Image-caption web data
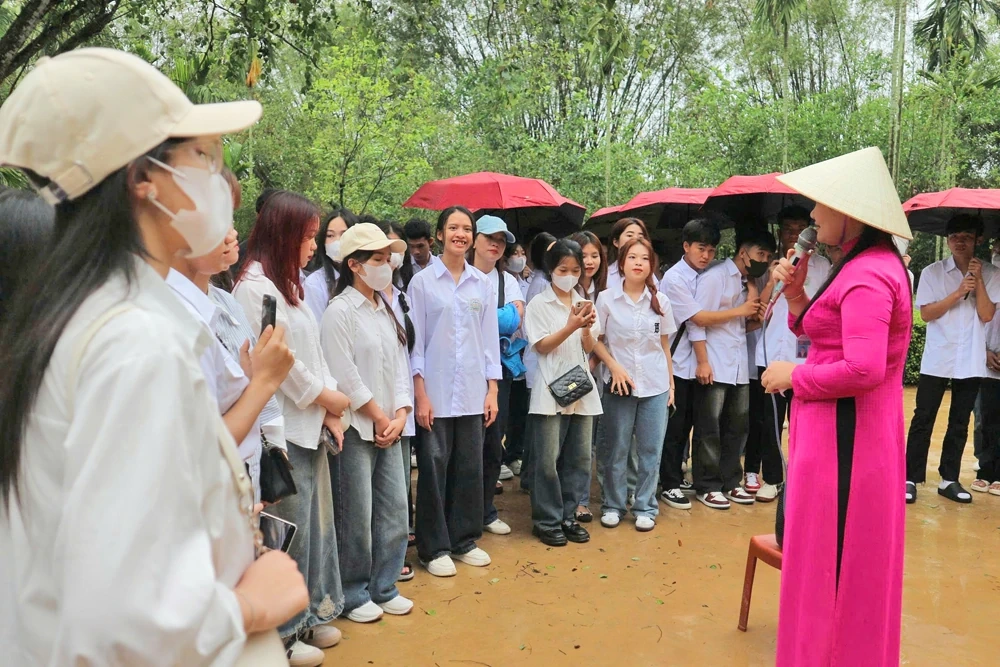 Giáo dục tư tưởng để học sinh dân tộc thiểu số “miễn dịch” trước thông tin xấu độc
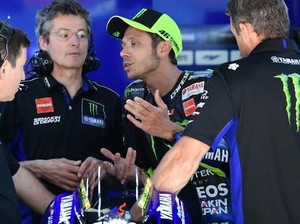 Susah Bersaing di MotoGP 2019, Valentino Rossi Tak Mau Bongkar Tim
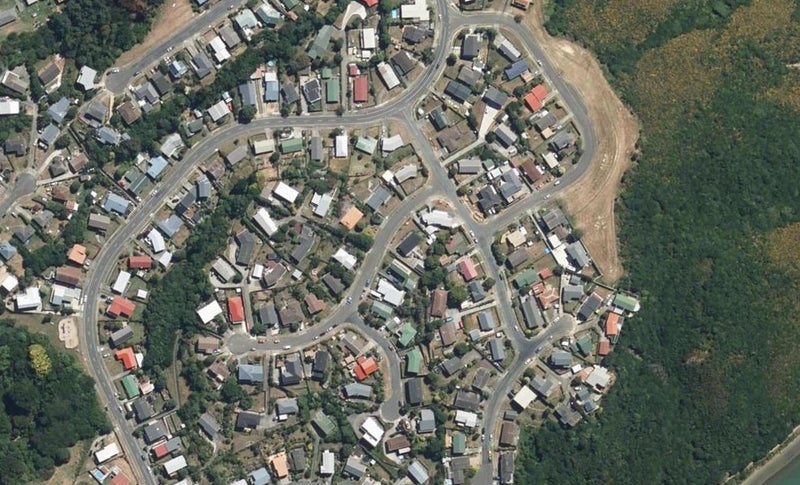 3 Pennant Grove, Titahi Bay, Porirua - Carousel 1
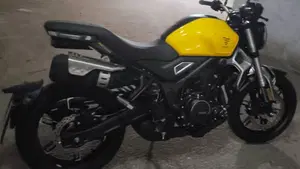 Voge Trofeo 350AC (2022 - 26)  (3)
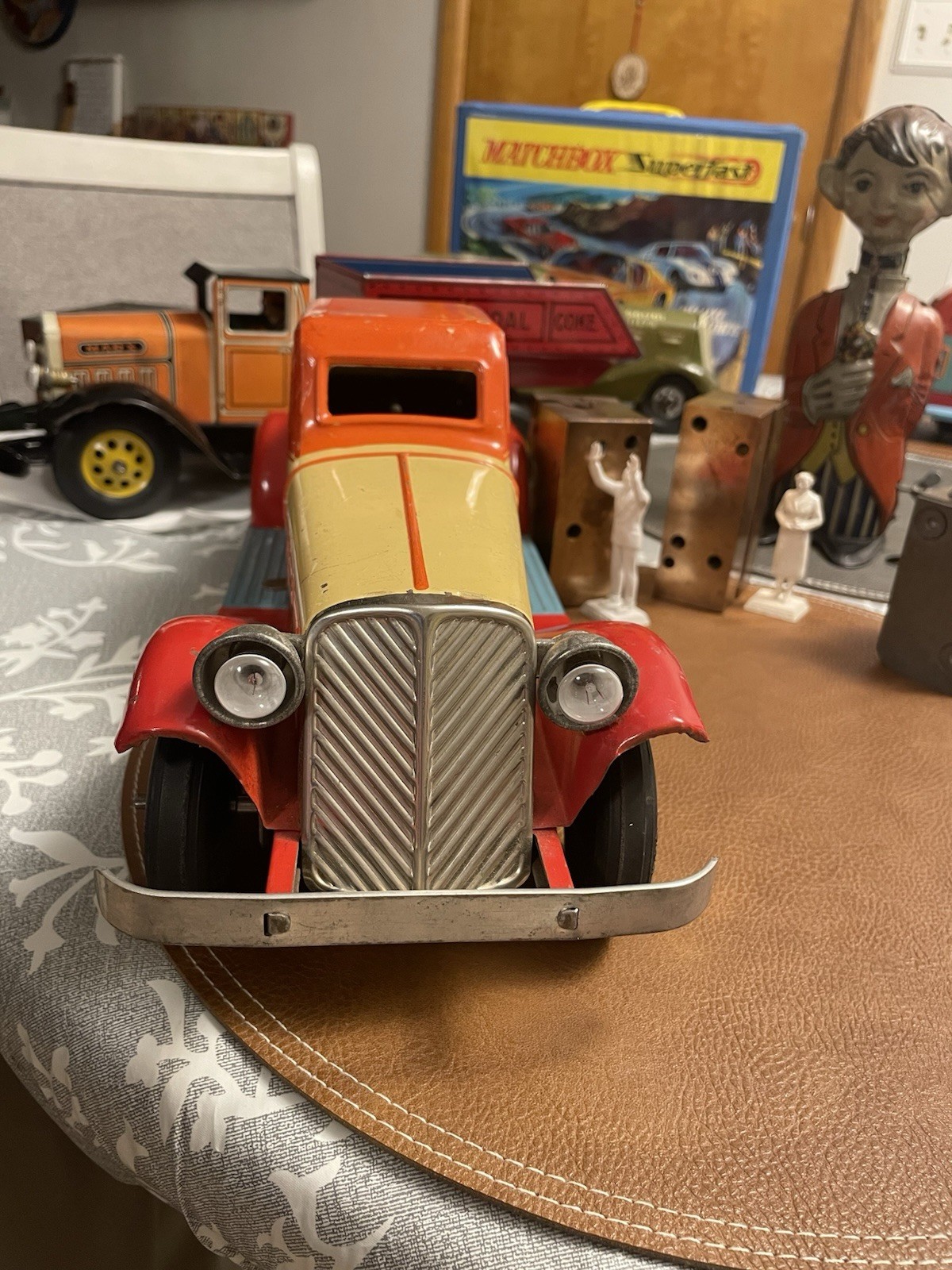 Louis Marx Vintage Pressed Steel Coupe Toy Car. Battery Operated. Works RARE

> **TASK OBJECTIVE**:
The answer must restate every entry word for word, with the pictures left out.

> **SOLUTION BELOW**:
 Giáo dục tư tưởng để học sinh dân tộc thiểu số “miễn dịch” trước thông tin xấu độc
 Susah Bersaing di MotoGP 2019, Valentino Rossi Tak Mau Bongkar Tim
 3 Pennant Grove, Titahi Bay, Porirua - Carousel 1
 Voge Trofeo 350AC (2022 - 26)  (3)
 Louis Marx Vintage Pressed Steel Coupe Toy Car. Battery Operated. Works RARE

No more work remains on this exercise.